Left-wing commentators such as Thomas Frank have argued that the genius
of the Republican strategy was that it persuaded workers to vote against
their economic interests -- in favour of a ruling plutocracy only
interested in lifting profits at the expense of wages and conditions.
The Obama campaign has targeted messages for every group in the election
-- social issues such as contraception for women and immigration for
Hispanics, for instance. But for the blue-collar Republican base, the
White House pitch has distinct echoes of Mr Frank's class-warfare thesis.
Republicans have long acknowledged that the decades-long squeeze on
middle-class incomes is a key issue with voters. They suffered a
backlash at the polls in 2006 and 2008, partly because they were
perceived to have done nothing about it.
Mr Obama now has ownership of the country's economic woes and the
sinking middle-class and, like Mr Frank, is more than willing to push
responsibility for the issue on to rapacious big business.
This strategy, based on the notion of "fairness", is working at the
margins for Mr Obama as the economy recovers. His support among
"non-college whites" -- as the pollsters call them -- returned to 2008
levels, when he won 40 per cent of their vote compared with John
McCain's 58, according to a recent ABC/Washington Post survey.

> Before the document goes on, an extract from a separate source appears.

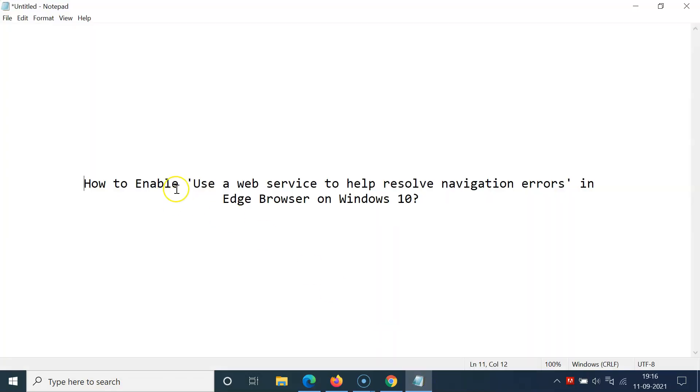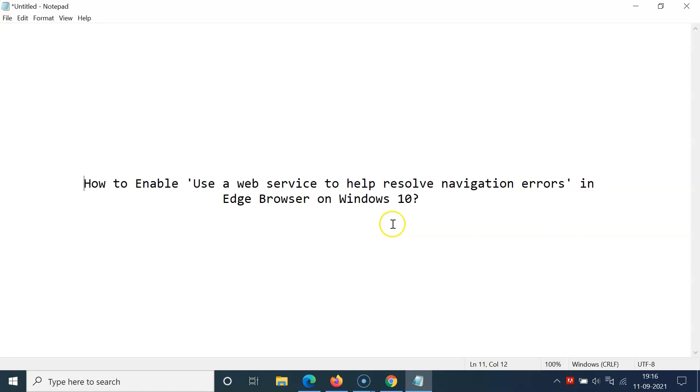In this way, you can easily enable 'use a web service to help resolve navigation errors' in Edge browser on Windows 10. Thanks for watching. If you like my videos, please support this channel by subscribing to it. Thanks, bye-bye.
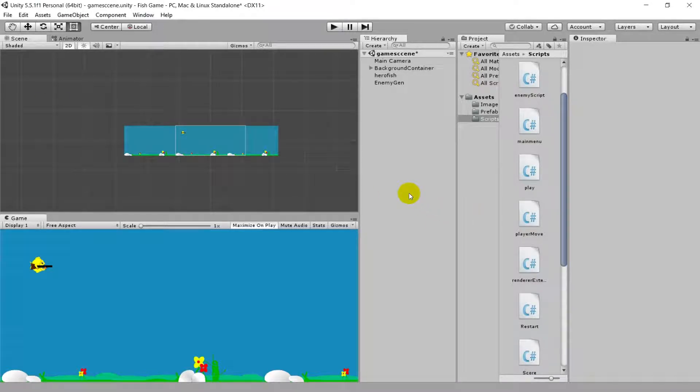Hello everyone, welcome to another video. Today we are going to look at the new UI system that Unity introduced after version 4.5. We'll look at how to make a simple score in our game. If you haven't watched the previous Unity tutorials in this series, I recommend you do, as this is a continuation. We'll also be looking at making main menus and buttons — today is all about UI.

Anti-union campaigns in the key states of Ohio and Wisconsin by newly
elected Republican governors in the past 18 months have also helped Mr
Obama with blue-collar workers. But the best thing he has going for him
is the rise in manufacturing fortunes, which the administration has
tried to tie to the auto industry bailout.
Hence the Obama campaign's unofficial bumper sticker: "Osama bin Laden
is dead and General Motors is alive."
The Republicans call GM "government motors", branding the company as
another example of Obama's statist overreach. Their challenge is to
convince the company's workers -- who are also their voters -- that GM
wouldn't be dead as well if Washington hadn't stepped in.